Thursday, April 4, 2013

In which observations are made in the tourist city




I have lived in D.C. for two years now and am still completely baffled by how all of the tourists know the official day when “tourist season” starts, yet D.C. residents seem to be caught completely off guard every year. It is as if, as a city, we collectively hope that come warm weather, all of our national monuments will grow legs and move somewhere where they are some other city's problem. Part of the shock is there is not a slow spring trickle of tourists that grows into the regular summer onslaught, they just all show up at once. One day every red double-decker tour bus that passes is empty and the next day it is full. Boom! You’re in tourist season: do not pass Go, do not collect $200. (Also, when it rains, all of the tourists put on those plastic ponchos – why is that a thing tourists? Why?)

For all of the crowds and frustrations that it brings, I am actually a fan of tourist season. More accurately, I am a fan of the beginning of tourist season.; that bright-eyed month or two where a person can view the city anew through the wondered gaze of people viewing their nation’s capital for the first time. Case in point, the other day I was walking to work when a family of tourists stopped cold in front of me and started to take pictures of a large glass-faced office building. I looked up to see what they were photographing and noticed, FOR THE FIRST TIME, that the building has this incredible three-dimensional glass front, like some of the windows stick out further than others creating this cool visual effect. Could I have looked up on any other day and seen that – sure; but I didn’t, because I just never thought to look in the normal course of my day. (Also because most of the sidewalks in D.C. are so poorly maintained that looking up at a building could probably result in a serious trip and fall situation. And don’t think you can sue the city for that, because you would be suing the federal government and we all know they are dead broke. The feds are so broke right now, if you opened the White House game closet, even the Monopoly money would be gone.)

But that is what the beginning of tourist season brings, the ability to view this incredible city anew. To actually feel a little excited when the motorcade goes by, instead of worrying that you are going to lose your OpenTable points when you are late for your dinner reservation (a legitimate concern, no doubt). To get swept up in the excitement of the moment when a tour group thinks they see John McCain (pro tip: it is not McCain, he is too short to be viewed in a crowd of people). To realize you are living in a city that people travel to see, instead of a city people travel away from. That is what tourist season brings.

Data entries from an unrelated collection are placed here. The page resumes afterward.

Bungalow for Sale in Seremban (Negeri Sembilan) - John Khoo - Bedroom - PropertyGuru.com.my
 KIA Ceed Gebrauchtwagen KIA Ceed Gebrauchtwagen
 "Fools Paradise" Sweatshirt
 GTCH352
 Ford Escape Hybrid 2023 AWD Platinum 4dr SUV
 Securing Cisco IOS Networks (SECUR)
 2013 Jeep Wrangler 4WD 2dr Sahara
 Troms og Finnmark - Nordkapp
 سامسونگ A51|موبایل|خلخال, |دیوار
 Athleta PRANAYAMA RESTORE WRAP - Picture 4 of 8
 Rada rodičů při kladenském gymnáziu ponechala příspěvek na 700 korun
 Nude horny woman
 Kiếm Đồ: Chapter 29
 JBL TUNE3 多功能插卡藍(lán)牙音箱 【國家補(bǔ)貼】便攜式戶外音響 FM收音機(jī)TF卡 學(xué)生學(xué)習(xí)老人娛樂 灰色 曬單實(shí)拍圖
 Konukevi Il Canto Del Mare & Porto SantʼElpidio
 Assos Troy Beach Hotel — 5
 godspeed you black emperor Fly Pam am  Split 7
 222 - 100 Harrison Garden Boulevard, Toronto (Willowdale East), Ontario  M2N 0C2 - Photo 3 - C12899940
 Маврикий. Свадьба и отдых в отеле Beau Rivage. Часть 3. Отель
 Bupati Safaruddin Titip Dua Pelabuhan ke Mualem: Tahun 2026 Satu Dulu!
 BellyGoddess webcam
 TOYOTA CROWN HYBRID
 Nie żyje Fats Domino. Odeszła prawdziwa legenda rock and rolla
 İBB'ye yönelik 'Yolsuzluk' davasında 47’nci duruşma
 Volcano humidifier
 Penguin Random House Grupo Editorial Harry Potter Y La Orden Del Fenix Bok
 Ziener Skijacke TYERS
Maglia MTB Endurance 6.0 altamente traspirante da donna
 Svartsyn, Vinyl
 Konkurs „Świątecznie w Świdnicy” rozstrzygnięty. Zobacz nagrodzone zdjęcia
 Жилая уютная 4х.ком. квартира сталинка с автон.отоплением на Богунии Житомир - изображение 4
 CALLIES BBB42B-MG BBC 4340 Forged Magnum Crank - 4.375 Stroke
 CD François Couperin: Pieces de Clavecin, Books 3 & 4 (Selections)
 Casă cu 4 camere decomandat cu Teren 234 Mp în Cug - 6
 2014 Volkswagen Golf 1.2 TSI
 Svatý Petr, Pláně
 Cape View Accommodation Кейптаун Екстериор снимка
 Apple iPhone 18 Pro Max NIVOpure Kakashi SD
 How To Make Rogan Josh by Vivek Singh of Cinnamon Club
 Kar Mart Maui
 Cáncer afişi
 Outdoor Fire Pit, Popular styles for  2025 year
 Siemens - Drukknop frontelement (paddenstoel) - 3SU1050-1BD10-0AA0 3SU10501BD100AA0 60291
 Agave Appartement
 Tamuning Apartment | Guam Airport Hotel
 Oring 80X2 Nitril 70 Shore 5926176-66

That dream moment that is the beginning of tourist season always ends the same way, however, and that is in a screaming fight between residents and a large tourist family as they stand on the left side of an escalator during rush hour. Or in watching a child get separated from his family when they fail to realize that the metro doors do not have motion sensors and will legit close on you, regardless of your gender, age, or financial status (I seriously saw metro doors close on a pregant woman once. I am serious, metro is cold). Or when you show up to your favorite restaurant and there is a wait because it is filled with, literally, 10 million 8th graders wearing the same splatter-painted “I love D.C.” sweatshirt. Those are the moments when the dream that was the beginning of tourist season is truly dead.

But for now we are still on the cusp of that beautiful moment of city renewal. The time to discover the nation’s capital through the eyes of every eager tourist and every slacker 8th grader who can’t figure out why the class couldn’t have taken their graduation trip to DisneyWorld. For now we can all just enjoy. 

A happy tourist season to all and to all a good night!